**The task**
From the line containing "Skagen SKW6296 Erkek Kol Saati" through the last line of the entries, set down every line exactly and add nothing.
**** Records supplied ****
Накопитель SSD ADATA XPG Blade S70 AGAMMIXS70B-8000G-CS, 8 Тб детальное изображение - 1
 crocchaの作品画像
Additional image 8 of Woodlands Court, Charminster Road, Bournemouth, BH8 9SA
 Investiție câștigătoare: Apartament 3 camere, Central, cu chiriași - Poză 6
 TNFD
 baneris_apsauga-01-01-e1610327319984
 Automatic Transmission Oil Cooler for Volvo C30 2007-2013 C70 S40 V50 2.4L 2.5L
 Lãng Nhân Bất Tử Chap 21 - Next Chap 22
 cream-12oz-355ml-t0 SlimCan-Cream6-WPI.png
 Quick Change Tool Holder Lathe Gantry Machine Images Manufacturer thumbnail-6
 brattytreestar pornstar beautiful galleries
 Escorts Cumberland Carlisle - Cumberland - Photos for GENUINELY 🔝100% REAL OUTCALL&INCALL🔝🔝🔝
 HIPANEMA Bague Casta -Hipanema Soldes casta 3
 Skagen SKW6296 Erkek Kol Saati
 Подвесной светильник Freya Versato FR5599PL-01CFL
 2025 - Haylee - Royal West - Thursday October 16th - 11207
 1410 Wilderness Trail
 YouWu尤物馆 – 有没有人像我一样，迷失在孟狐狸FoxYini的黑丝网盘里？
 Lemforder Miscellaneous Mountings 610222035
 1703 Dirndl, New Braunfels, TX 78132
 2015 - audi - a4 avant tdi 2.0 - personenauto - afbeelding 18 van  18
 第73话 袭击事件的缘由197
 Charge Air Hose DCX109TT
****
**Answer to the exercise**
 Skagen SKW6296 Erkek Kol Saati
 Подвесной светильник Freya Versato FR5599PL-01CFL
 2025 - Haylee - Royal West - Thursday October 16th - 11207
 1410 Wilderness Trail
 YouWu尤物馆 – 有没有人像我一样，迷失在孟狐狸FoxYini的黑丝网盘里？
 Lemforder Miscellaneous Mountings 610222035
 1703 Dirndl, New Braunfels, TX 78132
 2015 - audi - a4 avant tdi 2.0 - personenauto - afbeelding 18 van  18
 第73话 袭击事件的缘由197
 Charge Air Hose DCX109TT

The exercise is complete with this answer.